İlk girişimden sonra Tiscar Design markasını ne zaman kurdunuz?

Az önce bahsettiğim tasarım grubu 1993 yılında dağılınca, tek tasarımcı olarak kendi ofisimi kurdum. Gerçi bu çok talihsiz bir döneme rastladı çünkü 1992 yılında yapılan Barselona Yaz Olimpiyatları ve Sevilla EXPO'sunun ardından İspanya ciddi bir ekonomik krize girdi. Her şeye rağmen direndim ve yola devam ettim. O sırada ofiste dört kişiye çıktık. Hepimiz de iş konusunda oldukça deneyimliydik.



İşverenleriniz daha çok hangi sektörlerdendi?

Genellikle mobilya üreticileriydi. Yavaş yavaş İspanya dışına çıkıp yabancı ülkelere iş yapmaya başladık. Ülke yeniden krize girince 2009'da çalışan sayısını azaltmamız gerekti ve iki kişiye düştük. Bu durumdan da gayet memnunuz, sakin ve rahat bir ortamımız var.

Ofisin yeri gerçekten çok güzel. Modern sanat müzesi IVAM'ın hemen yan sokağındasınız. Tiscar hep burada mıydı?

Hayır, daha önce buraya yakın bir binada, yine zemin katta bir ofisimiz vardı. 2006 yılında beri şu anki yerimizdeyiz. Kuruluşumuzdan bu yana hem yerel hem de yabancı işverenlerin güvenini kazandık.



Dün size, bu işverenlerden biri olan Capdell'in Habitat Valencia fuarındaki standında rastlamıştım.

Evet, Capdell, muhteşem insanların olduğu önemli bir mobilya firması. İyi tasarımı layıkıyla uyguluyorlar. Hem onlar tasarımcılarla çalışıyor olmaktan mutlular, hem de tasarımcılar Capdell'e proje üretmekten  mutlular.
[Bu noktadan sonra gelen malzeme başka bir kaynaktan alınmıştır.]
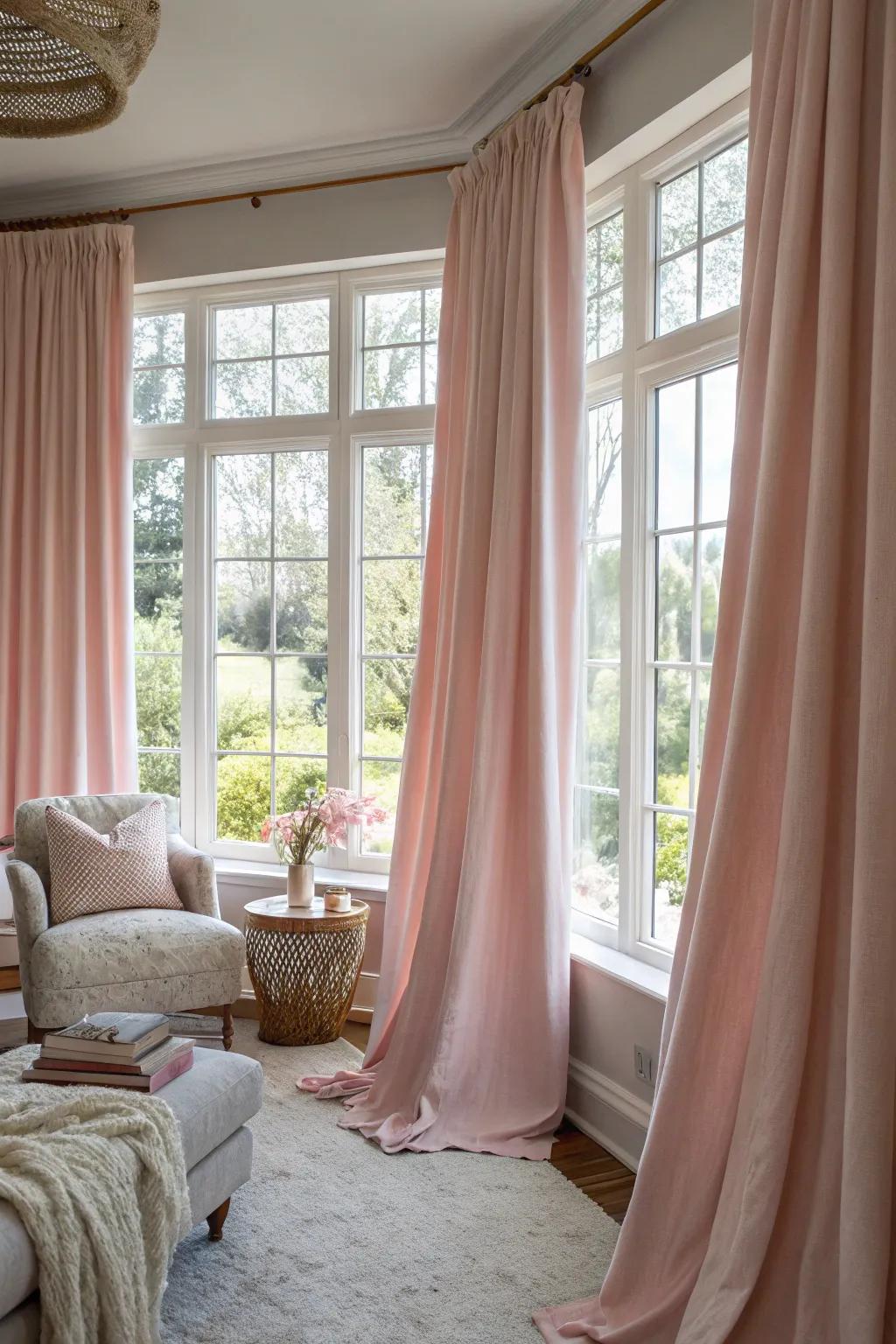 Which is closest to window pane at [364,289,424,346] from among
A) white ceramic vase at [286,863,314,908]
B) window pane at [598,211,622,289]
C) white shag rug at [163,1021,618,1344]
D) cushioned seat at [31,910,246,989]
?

Bu tür firmalar ile çalıştığınız zaman tasarım süreci nasıl ilerliyor?

Normalde ofise gelip birlikte çalışmaya karar veren müşteriler oluyor. Sonra tasarım bir brief'i oluşturuyorlar. Biz de tasarımımızı buna göre geliştiriyoruz. Bazen de brief aşamasında, müşteriyi başka bir şey yapma ya da probleme yaklaşım biçimini değiştirme konusunda ikna edebiliyoruz. Müşteri ve üretici ile bir araya gelip strateji geliştiriyoruz. Örneğin, markayı daha başarılı bir sonuca ulaştıracak bir proje...

Farklı tasarımcılar ile aynı marka için ürün geliştirmek, onlarla diyalogda olmak ve ürünlerinizi aynı ortamda sergilemek hakkında neler söyleyebilirsiniz?
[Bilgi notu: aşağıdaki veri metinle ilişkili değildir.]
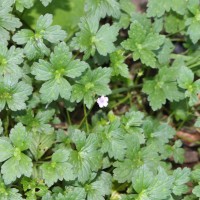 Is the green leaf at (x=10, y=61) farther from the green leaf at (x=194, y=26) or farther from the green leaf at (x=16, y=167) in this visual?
the green leaf at (x=194, y=26)

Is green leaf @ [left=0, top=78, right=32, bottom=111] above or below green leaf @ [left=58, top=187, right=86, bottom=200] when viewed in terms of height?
above

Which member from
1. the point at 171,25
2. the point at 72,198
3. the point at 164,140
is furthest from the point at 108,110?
the point at 72,198

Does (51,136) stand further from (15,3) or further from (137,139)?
(15,3)

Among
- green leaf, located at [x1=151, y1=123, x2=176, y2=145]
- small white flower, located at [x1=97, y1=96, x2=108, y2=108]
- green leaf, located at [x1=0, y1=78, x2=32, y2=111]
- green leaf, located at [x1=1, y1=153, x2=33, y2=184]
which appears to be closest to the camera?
green leaf, located at [x1=1, y1=153, x2=33, y2=184]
Bunun gayet ilginç ve iyi bir deneyim olduğunu söyleyebilirim. Çünkü aynı brief'in ya da bazı yönleriyle ayrışsa da tek bir firmanın tanımladığı benzer brief'lerin getirdiği temel sorunları çözerken aslında birbirimizden öğreniyoruz. Benzer bir sorun üzerinde çalışırken, başka bir tasarımcının bu sürecin sonucunda ne ürettiğini; aynı nesne için ortaya konulan farklı dilleri görmek gerçekten ilginç. Aramızda gayet iyi bir ilişki var. Bu da markanın ifade zenginliğini, açık fikirliğini artırmak için iyi bir yöntem...



Uluslararası ödül programlarından çok sayıda ödüle sahipsininiz. Bu konuyla ilgili görüşlerinizi de alabilir miyiz?
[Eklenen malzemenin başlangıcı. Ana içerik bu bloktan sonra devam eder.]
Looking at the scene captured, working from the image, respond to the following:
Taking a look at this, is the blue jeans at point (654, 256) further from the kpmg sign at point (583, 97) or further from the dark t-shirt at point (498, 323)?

Capdell için yaptığım ECO Chair tasarımı ile German Design Award 2015 ve Good Design Award 2013 programlarında ödüle değer görüldüm. Normal bir ahşap sandalye olmasına rağmen, strüktürel anlamda özel bir tasarım diline sahip. Kullanım açısından çok rahat. Görünürde öyle olmasa da istiflenebilir bir yapısı var.



ECO Chair


Ayrıca "FAST table" ile 2012 yılında Best of NeoCon - İnovasyon Ödülü'nü kazandım. Bask asıllı Sellex firması için geliştirdiğim bu tasarım; otel, restoran, müze gibi pazarlara yönelik, katlanabilir bir masa. Özellikle müze ve kütüphaneler tarafından ilgi görüyor. Bu strüktürü dikdörtgen/kare ya da yuvarlak gibi farklı tabla seçenekleri ile kullanmak mümkün. Dolayısıyla tek bir tasarımla farklı kullanımlar için birden fazla masa seçeneği elde etmiş oluyorsunuz. Bu masa sistemi ABD'de Leland Internanional firmasının lisansıyla satılıyor. ABD ve Kanada pazarındaki üretim ve satışı onlar gerçekleştiriyor.



FAST table


Ödül kazandığımız yerel ödül programları ise Spanish Design Awards ve Barcelona Design Awards.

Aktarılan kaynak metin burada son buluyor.